Urteil des BFH vom 17.05.1977

Umsatzsteuerbefreite Lieferung von Gebäuden oder Gebäudeteilen vor dem Erstbezug - Einheitlichkeit der Leistung - Wertsteigernde Zusatzleistungen - Vergütungen für nachträglich vereinbarte Sonderwünsche als Teil der grunderwerbsteuerlichen Gegenleistung

BUNDESFINANZHOF Urteil vom 24.1.2008, V R 42/05
Umsatzsteuerbefreite Lieferung von Gebäuden oder Gebäudeteilen vor dem Erstbezug - Einheitlichkeit der Leistung -
Wertsteigernde Zusatzleistungen - Vergütungen für nachträglich vereinbarte Sonderwünsche als Teil der
grunderwerbsteuerlichen Gegenleistung
Leitsätze
1. Der deutsche Gesetzgeber hat in § 4 Nr. 9 Buchst. a UStG 1999 von der gemäß Art. 28 Abs. 3 Buchst. b i.V.m.
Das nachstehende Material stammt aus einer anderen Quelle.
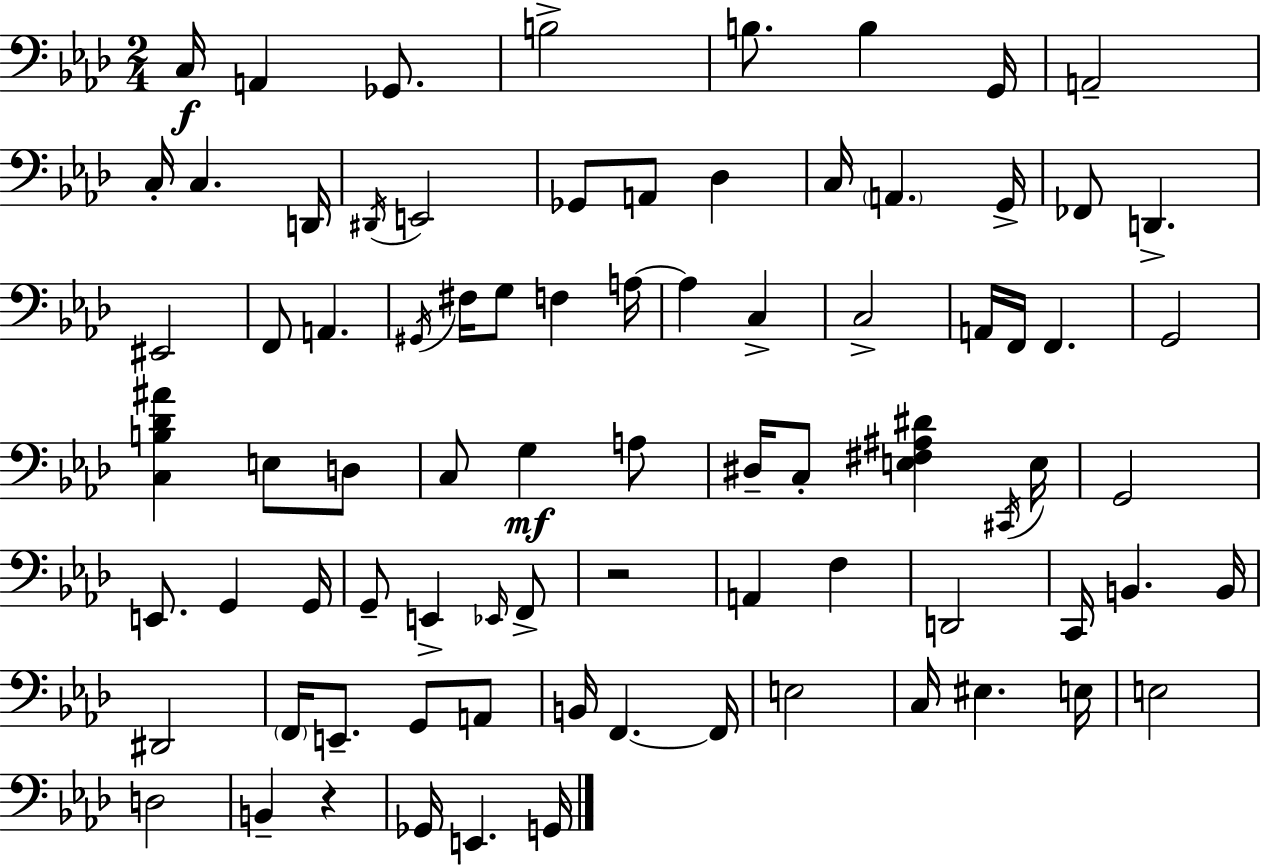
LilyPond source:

{
  \clef bass
  \numericTimeSignature
  \time 2/4
  \key f \minor
  c16\f a,4 ges,8. | b2-> | b8. b4 g,16 | a,2-- | \break c16-. c4. d,16 | \acciaccatura { dis,16 } e,2 | ges,8 a,8 des4 | c16 \parenthesize a,4. | \break g,16-> fes,8 d,4.-> | eis,2 | f,8 a,4. | \acciaccatura { gis,16 } fis16 g8 f4 | \break a16~~ a4 c4-> | c2-> | a,16 f,16 f,4. | g,2 | \break <c b des' ais'>4 e8 | d8 c8 g4\mf | a8 dis16-- c8-. <e fis ais dis'>4 | \acciaccatura { cis,16 } e16 g,2 | \break e,8. g,4 | g,16 g,8-- e,4-> | \grace { ees,16 } f,8-> r2 | a,4 | \break f4 d,2 | c,16 b,4. | b,16 dis,2 | \parenthesize f,16 e,8.-- | \break g,8 a,8 b,16 f,4.~~ | f,16 e2 | c16 eis4. | e16 e2 | \break d2 | b,4-- | r4 ges,16 e,4. | g,16 \bar "|."
}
Anhang F Nr.
16 der Richtlinie 77/388/EWG bestehenden Möglichkeit Gebrauch gemacht, die gemäß Art. 4 Abs. 3 Buchst. a von der
Steuerbefreiung des Art. 13 Teil B Buchst. g der Richtlinie 77/388/EWG ausgenommene Lieferung von Gebäuden oder
Gebäudeteilen vor dem Erstbezug weiterhin von der Umsatzsteuer zu befreien .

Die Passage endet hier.